娘3人を育てた渡邉さん。東京で働いていた二女に「跡を継いでくれるように頼みました」。二女は結婚して家業を継いでくれました。孫も生まれ、「3世代5人家族が苦楽をともにして、協力しながら楽しく暮らしてきました」。
■再興に向け奔走
原発事故は、こうした営みを一瞬のうちに吹き飛ばしました。全町避難。警戒区域となった富岡町。数力所の避難先を経て新潟県で二女と孫に合流しました。その後、二女と孫はそのままとどまり、新潟暮らし。二女の夫は、郡山市で事業を再開した職場で仕事を始めました。
渡邉さんの妻も郡山市のアパート暮らしです。
渡邉さんは、事業の移転再開を行政から支援されることを知り「代々続いてきた家業をつぶすわけにはいかない」と、いわき市の借り上げ住宅へ移り再興に奔走。「県の融資も得られる」ことになりました。
ところが、12年8月、東電は「みその製造機器は使える用途の数が少なく汎用性がない」という理由で「賠償は困難」というのです。これまでの努力や苦労が裏目に出て、借金を残すだけの結果となりました。
「3・11」以後、苦悩を強いられ、「原発事故さえなかったなら!」と4年が経過しました。
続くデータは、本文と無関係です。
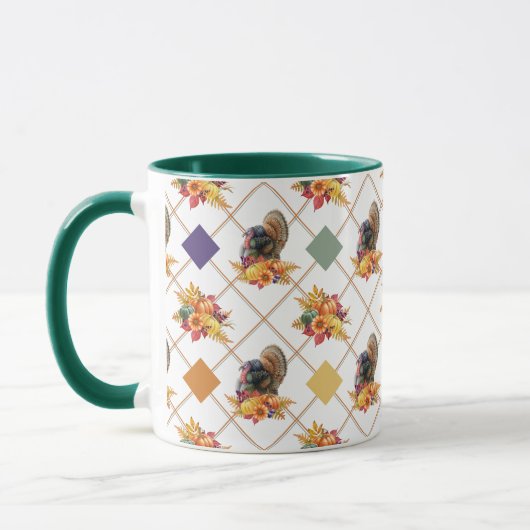 Turquie Citrouilles Thanksgiving Mug (Gauche)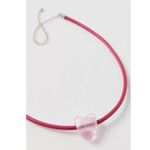 Free People Under the Sea Collar Pink NWT Choker Glass Heart Pendant Bohemian Photo 6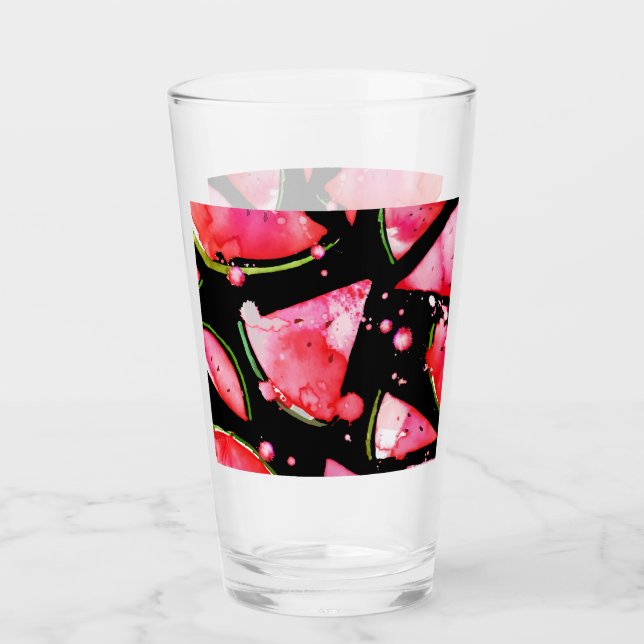 Watercolor Watermelon 2 Glass (Front)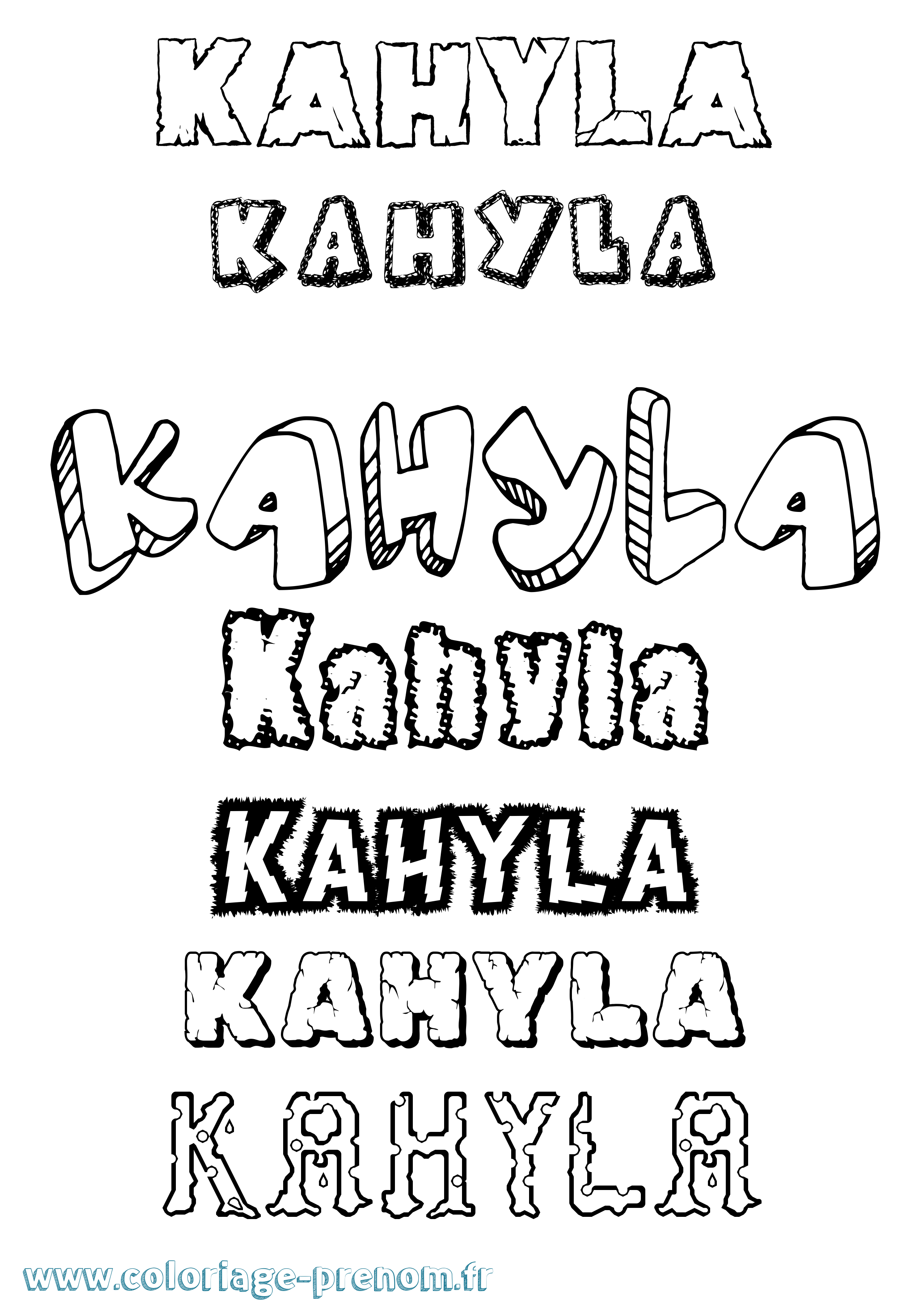 Coloriage prénom Kahyla Destructuré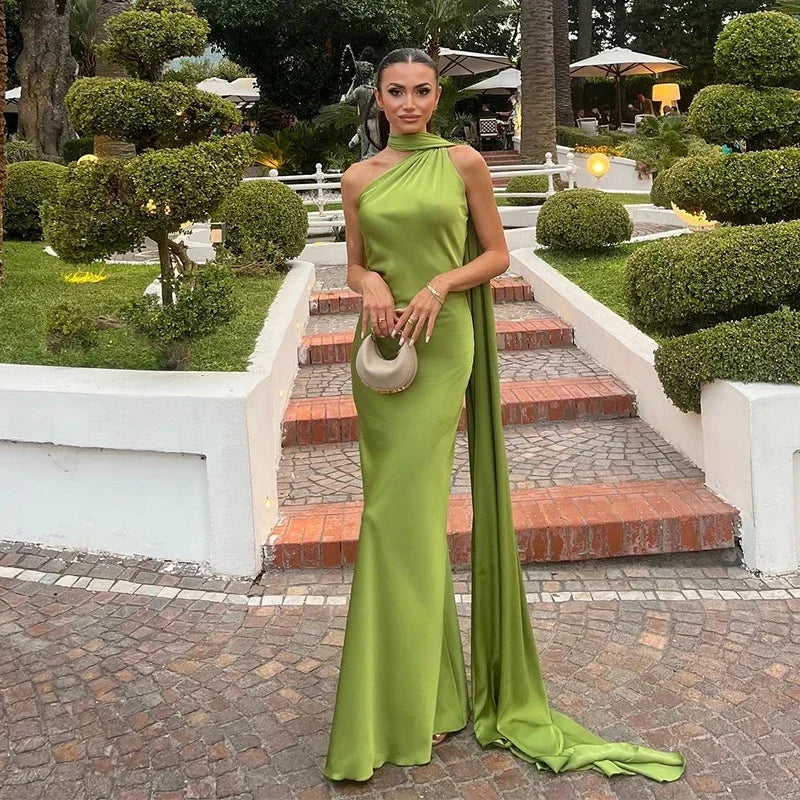 Satin Long Draped Halter Maxi Dress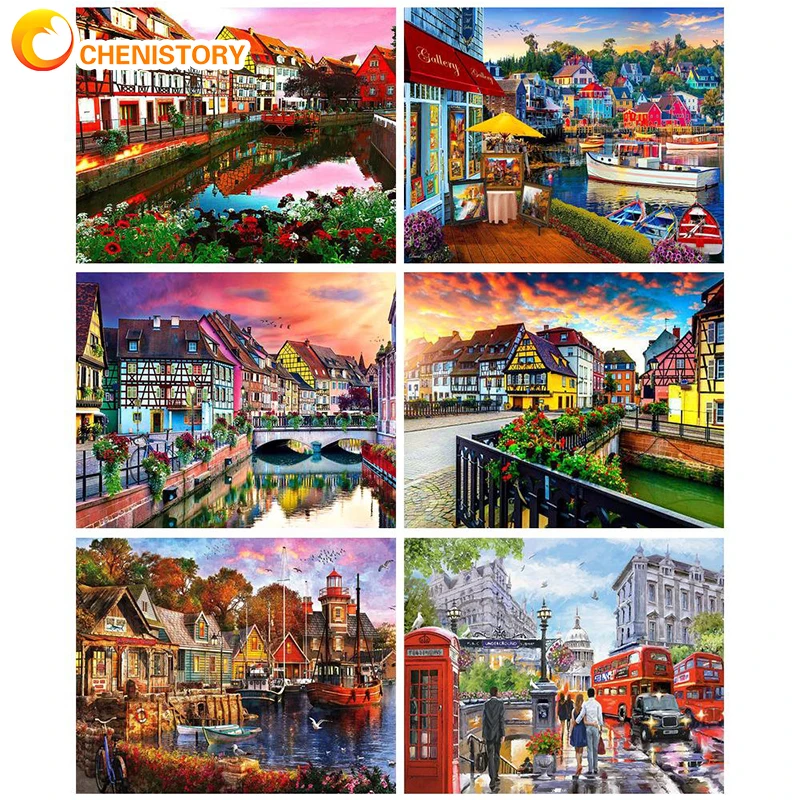 

CHENISTORY Frame Diy Painting By Numbers City Street Scenery Drawing On Canvas HandPainted Art Picture Kits Gift Home Decor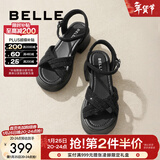 百丽（Belle）满钻条带繁星休闲凉鞋女商场款厚底凉鞋A9S2DBL4 黑色 38 (240mm)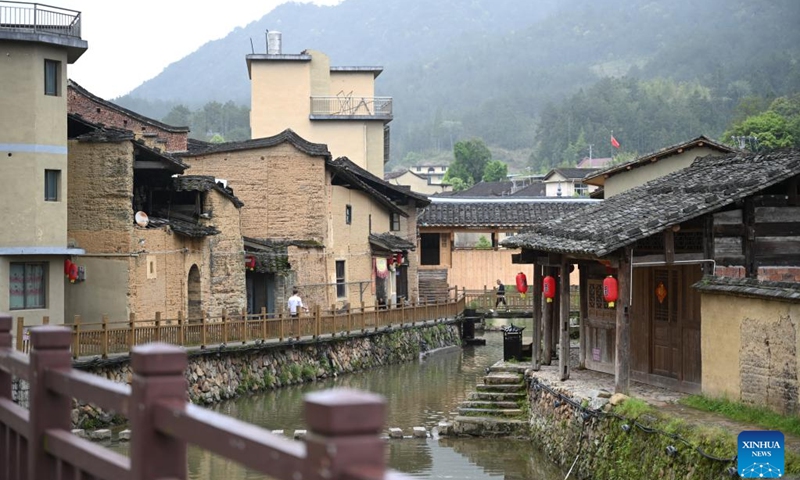 This photo taken on April 20, 2023 shows a view of Beiqian Village of Daixi Township in Pingnan County, southeast China's Fujian Province. Beiqian Village created a multi-format industry based on the integration of the resources of ancient village, folk culture and yellow wine culture.(Photo: Xinhua)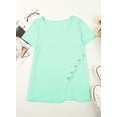 thumbnail image 4 of Asyoly Womens Tops Summer Short Sleeve Square Neck Blouse Casual Tunic Tops Loose Fit T Shirts, 4 of 5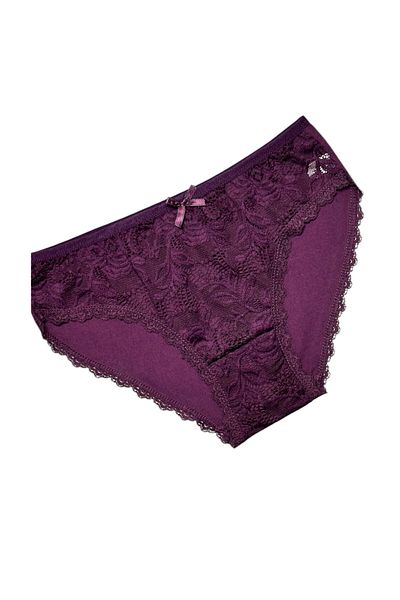 Gizli Butik Γυναικείο μπικίνι βαμβακερό μωβ μπροστινό δαντέλα 6 τμχ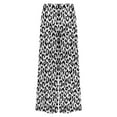 thumbnail image 6 of Snow Leopard Print Women's Casual Wide Leg Pants Comfort Pockets Elastic Waist Loose Fit Pants, 6 of 7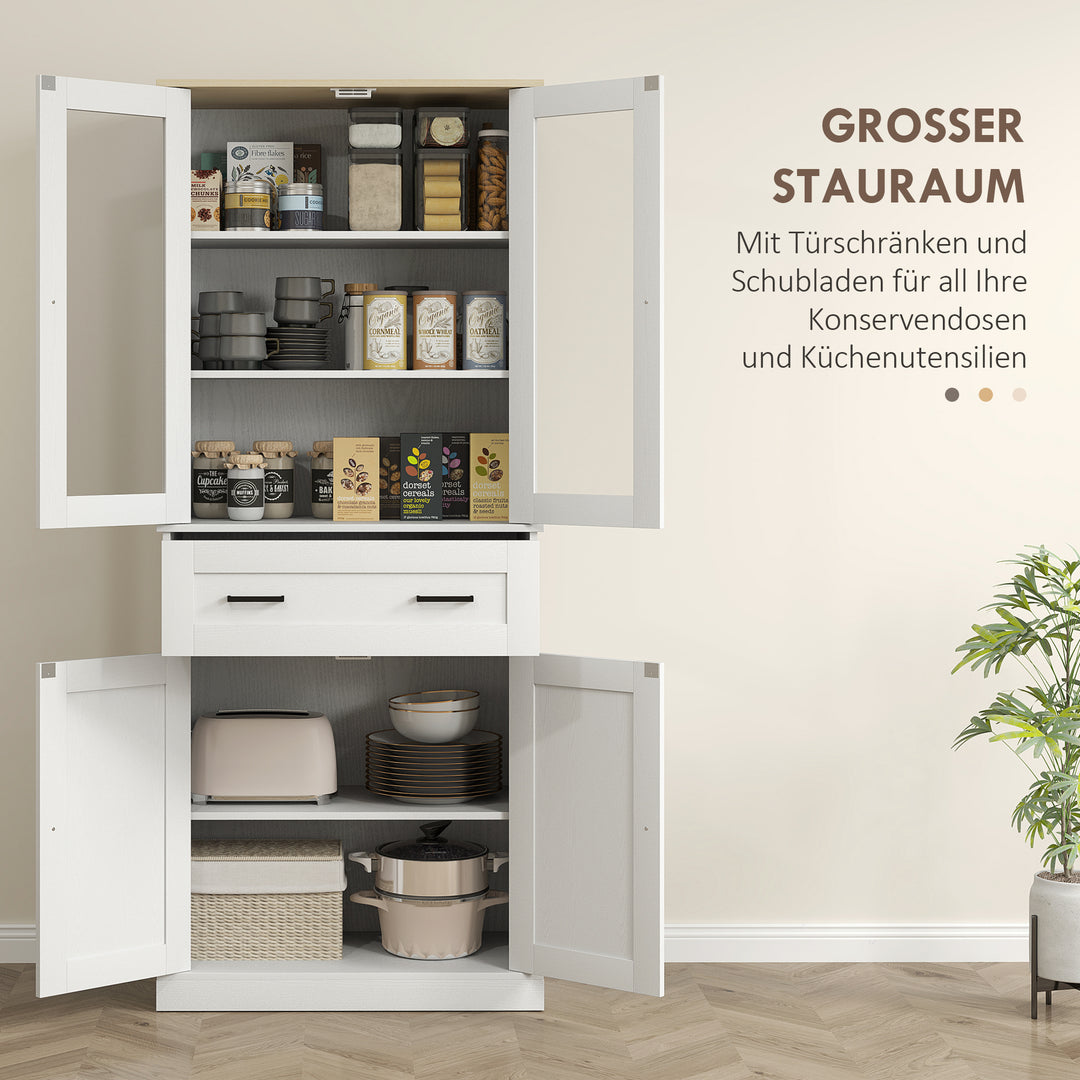 Køkkenskab, buffet, akrylfront, skuffer, 76 x 40 x 182,5 cm, cremehvid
原発事故は「自分の物の見方や生き方を変えた」と渡邉さんは思っています。「原発事故前は、国も東電も安全だと宣伝してきました。実際は事故が起きた。間違っていたことが証明されました」
「危険とうすうす知りながら放置してきた私も間違っていた」と、後悔します。「無知を排し、真実を知らねばならない。単なる物知りではいけない。行動が必要」といいます。そして、司法の判断に期待し、避難者訴訟の原告に加わりました。
■国と東電に責任
いわき市に避難して「素晴らしい仲間」と出会いました。「原告団の弁護士、支援者たちは自分のことのように避難者たちに寄り添い、連帯してたたかってくれます」
「自分が変わらないと世の中も変わらない」と語る渡邉さん。「原発の再稼働を容認することは福島で起きていることすべてを受け入れることになります。それを全国民が覚悟すべきです。地球環境をさらに悪化させる原発事故を引き起こした国と東京電力。司法は、彼らを断罪し、日本社会に正しい方向性を判決で示してほしい」。